Beberapa jam menjelang pernikahannya, ia juga pasang status tentang itu. Ia informasikan via facebook. Apa tanggapan teman-teman di facebook? Seperti biasa: ucapan selamat.

Kemudian, lugu dan corobohnya itu mulai berubah menjadi bodoh. Ia mempost status yang menceritakan tentang perasaan pribadinya, tentang perasaannya menunggu malam pertama ‘menjamu’ suaminya. Tidak dengan kalimat seperti yang saya tuliskan ini, tetapi dengan pilihan kata yang vulgar. Beberapa temannya menangkap kesan murahan. Beberapa menyayangkan karena mereka tahu almamater si R**a*su****I itu mencakup pula dua buah pondok pesantren. Anak pesantren macam apa yang di media sosial mengatakan pukinya gatal sudah ingin bermalam pertama? Lalu pula menceritakan menginformasikan suara ah uh ah uh yang mereka buat dan situasi kamar-kamar saudara mereka yang berdekatan? Juga rasa sakit di puki yang ia masih rasakan setelah diperawani suaminya? (Hadeh, kok aku jadi ikut-ikutan vulgar?)

Beberapa temannya, mungkin yang memang mengenalnya, atau minimal yang berbaik sangka, mengomentari tidak percaya dan berharap itu ulah hacker.

Lucunya kemudian, si pemilik akun lantas berkali-kali menuliskan bantahan. Berkali-kali ia mengklarifikasi bahwa semua status itu memang dia yang bikin. Bahwa akun facebooknya tidak sedang dibajak oleh siapapun. Juga, bahwa memang begitulah kelakuannya—dan minta dimaklumi. Bahkan, ia menyebut teman-teman yang mengatakan akunnya dibajak itu sebagai berburuk sangka.

Bagitu, itu berarti dia tidak lagi bodoh. Itu lebih tepat dikategorikan sebagai “nggak punya otak” atau minimal idiot. Betapa malunya teman-teman sealmamaternya [dan juga institusi pondok pesantren yang pernah menerimanya] mengetahui ada sesama mereka yang seidiot itu. Sangat mudah dibayangkan, menurutku.
Baiklah. Tidak usah lagi kusebut-sebut akun itu. Aku sudah memblokirnya.

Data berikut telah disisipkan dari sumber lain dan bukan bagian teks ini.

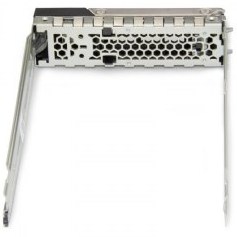 Resim DELL X7K8W, 3,5" SERVER Hot Swap, SSD-HDD KIZAK 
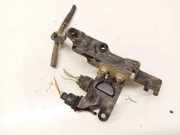 Sensor Abgasdruck Mazda CX-7, 2006.01 - 2012.12 r2ax182b5,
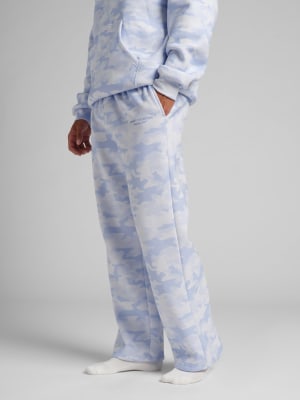 Sky Camo / M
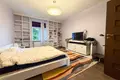 Wohnung 4 zimmer 105 m² Riga, Lettland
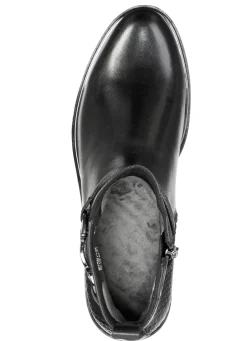 ELENA EDEN Damenschuhe|Schuhe><noscript><img width=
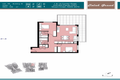 Property photo of 304B/544-552 Pacific Highway Mount Colah NSW 2079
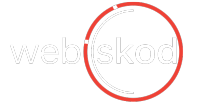 Webiskod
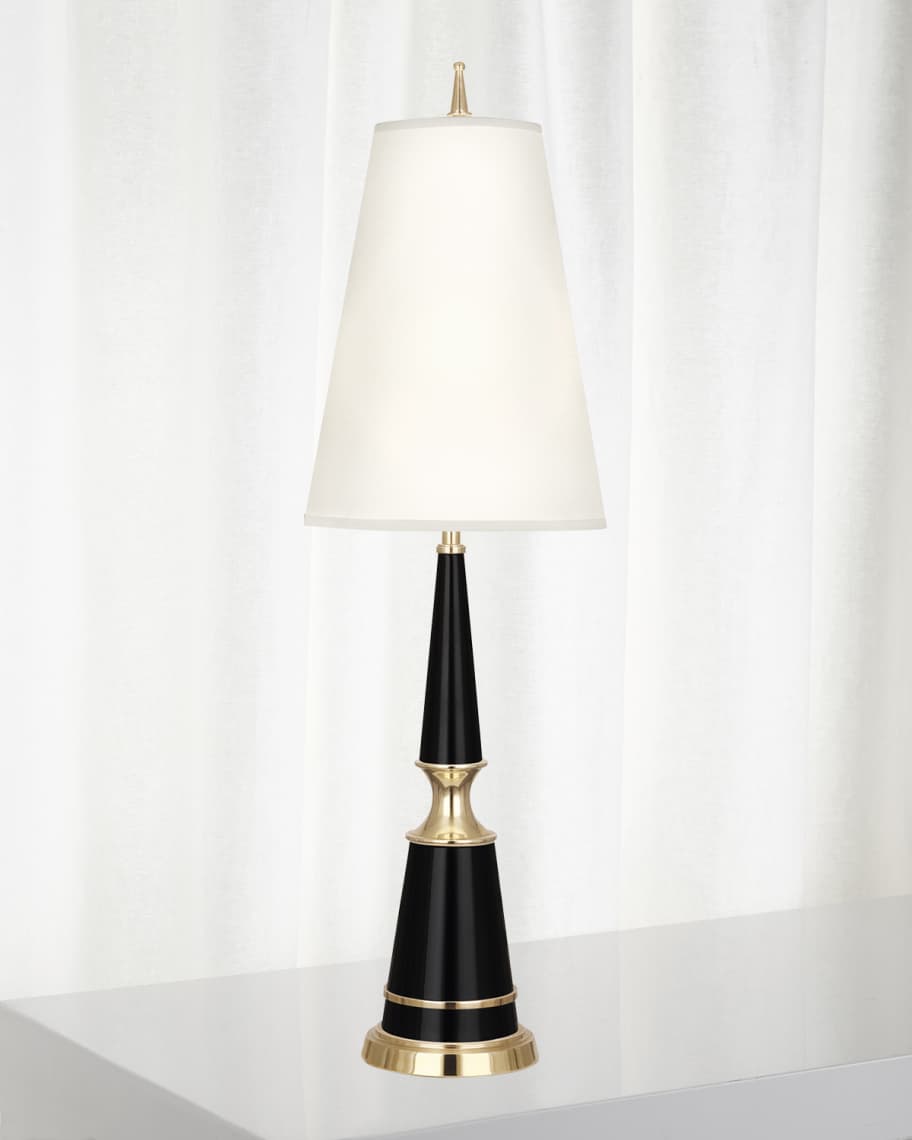 Jonathan Adler Versailles Table Lamp Neiman Marcus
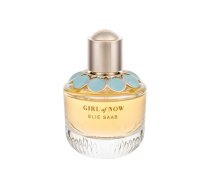 Elie Saab Girl of Now Parfimērijas ūdens EDP 50ml 7640233340189 (7640233340189) Smaržas sievietēm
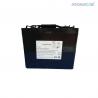 China Deep Cycle Golf Cart Battery Sealed Type Copper Terminal Large Capacity factory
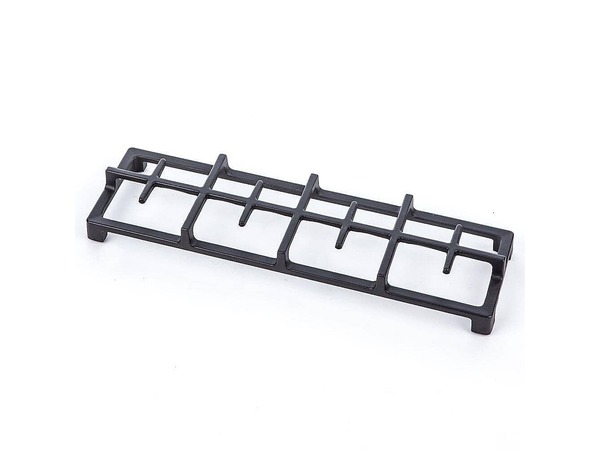 1992412-1-M-Frigidaire-318361501-GRATE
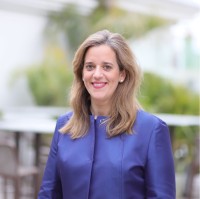 Helena G. de Membrillera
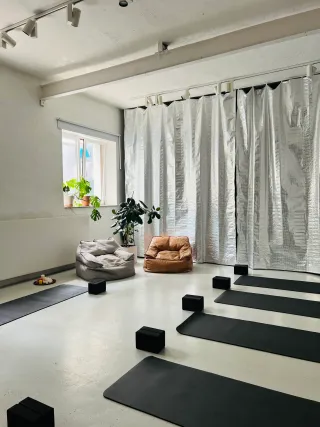 Dieser Anbieter hat keine Bildbeschreibung für dieses Bild hinterlegt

Yang aku heran, tidakkah sekolah atau pondok pesantren atau lembaga pendidikan apapun mendidik murid-muridnya untuk memiliki rasa malu? Saya yakin, semua melakukan itu. Sayangnya, tidak semua murid memahami apa itu media sosial, apa itu rasa malu, apa itu berbaik sangka.

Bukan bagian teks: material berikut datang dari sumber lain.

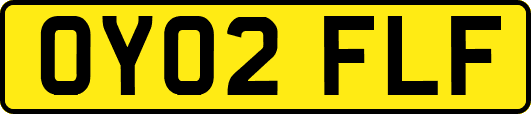 OY02FLF
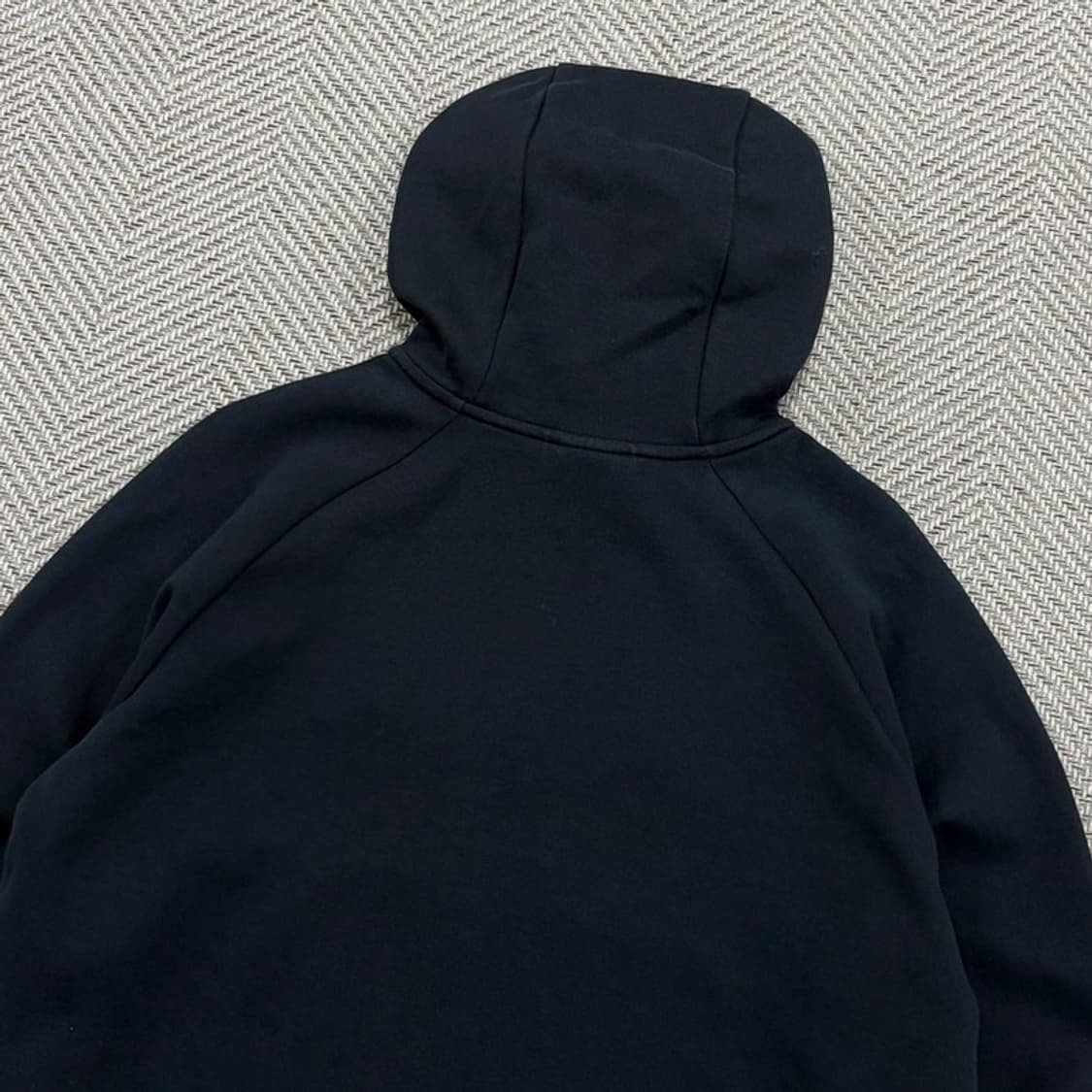 나이키 테크팩 후드집업 v3965 상품이미지4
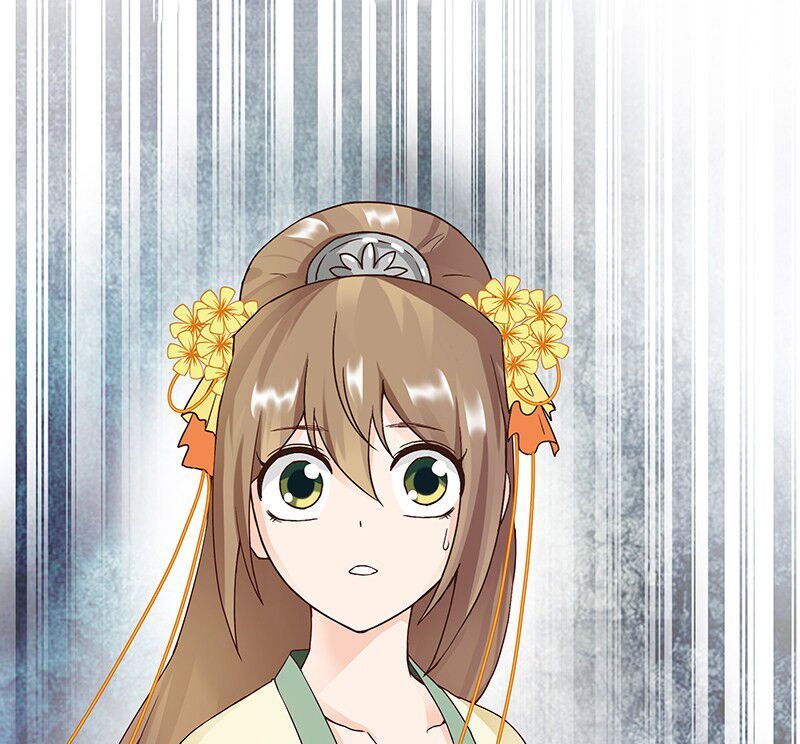 đọc truyện Dục Huyết Thương Hậu Chương 58 ảnh 37 tại Thiên Thai Truyện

Yang aku heran, hari gini masih ada anak perempuan [alumni pondok pesantren pula] seidiot itu?
Aku sejak awal mau menegurnya. Tapi kuputuskan kutunda dulu. Kuikuti perkembangannya, ternyata semakin parah. Dan itu tadi, teman-teman yang mengingatkannya, bahkan yang mencoba melindungi nama baiknya, ia katakan sebagai berburuk sangka, tidak berakal, dan sejenis itu.

So, what else can I say or do? Daripada aku menegurnya—pasti dengan kosakata yang sangat tidak sopan atau menusuk hati—lalu kuputuskan untuk memblokirnya saja. Mudah-mudahan ‘ketidakpedulianku’ kali ini tidak berakibat semakin buruknya dunia ini.


However, aku sedih banget. Jika masih ada pemuda-pemudi kita yang selugu ini (lugu = luarrrbiasa guobloknya), mau jadi apa bangsa ini?